Washington, 27 February 1997 (RFE/RL) - International financial sources say the prospect for a real union between Russia and Belarus has been "dead" ever since Moscow realized it would cost Russia "a fortune" to subsidize the bankrupt Belarus economy.
Pointing to the thousands of millions of dollars the reunification of Germany is costing the former West Germany, the sources say that in a union where one country is far behind the other, the one that is way ahead implicitly subsidizes the other.
The cost to Russia in this case, they say, would be "very large amounts" unimaginable to anyone in Moscow.
"I can't see Russia putting out these huge sums of money unless Belarus really reforms," said one source.
The sources, closely familiar with the situation in Belarus, spoke to our economics correspondent on the condition of not being identified.

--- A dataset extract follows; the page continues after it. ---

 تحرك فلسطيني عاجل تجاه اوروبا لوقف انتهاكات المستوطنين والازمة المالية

The sad state of the Belarus economy was underscored last week when a team of officials and experts from the International Monetary Fund (IMF) completed a ten-day review of the situation. The team left a report with Prime Minister Sergei Ling which said in effect that the country is on the threshold of a massive financial crisis.
The IMF refuses to even confirm the report, but Belarus newspapers published a portion of a cover letter which said the fund could only help if the country took immediate and decisive concrete steps to implement reforms. Financial sources say that the IMF team saw no real willingness to change, however.

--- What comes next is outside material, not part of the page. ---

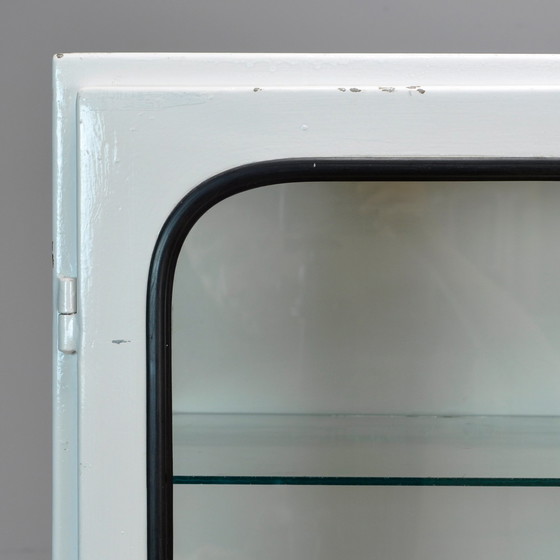 Image 1 of Armoire à pharmacie vintage, 1970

On the surface, said one source, some officials in Belarus told the IMF team they are "ready to do the right thing," and one or two actions have been done properly in recent months. But the source asked rhetorically: "If you find one tree in the desert, does that mean you've found an oasis? That's a difficult judgement."

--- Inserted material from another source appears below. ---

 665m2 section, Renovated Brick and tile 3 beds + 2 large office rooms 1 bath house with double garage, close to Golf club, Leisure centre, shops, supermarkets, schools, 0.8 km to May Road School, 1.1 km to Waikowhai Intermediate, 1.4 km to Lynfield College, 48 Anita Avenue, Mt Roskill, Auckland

What the IMF wants to see, say the sources, is "concrete and substantial action in the right direction." It is no longer a question of just exchange rates or inflation or even budgets, say the sources, but a much more fundamental willingness to begin market-based reforms.
The country is in "very serious financial difficulties," say the sources, with external reserves now basically drained and arrears building rapidly. They say Belarus followed "unfortunate" policies in 1996, with excessive state intervention in every aspect of its economy. Financial experts describe Belarus as "one of the most regulated economies" in all of the former Soviet Union.
The IMF opened a stand-by loan of around $275 million for Belarus back in the autumn of 1995, but only disbursed one tranche before shutting the program down as the country moved sharply back from transition. The loan expired virtually unused last September as IMF officials said Belarus had not only stopped reforming, but was moving back towards a command economy.
International financial sources say the IMF team in Minsk last week found that the country's situation is so bad it has actually been forced to do a few things right.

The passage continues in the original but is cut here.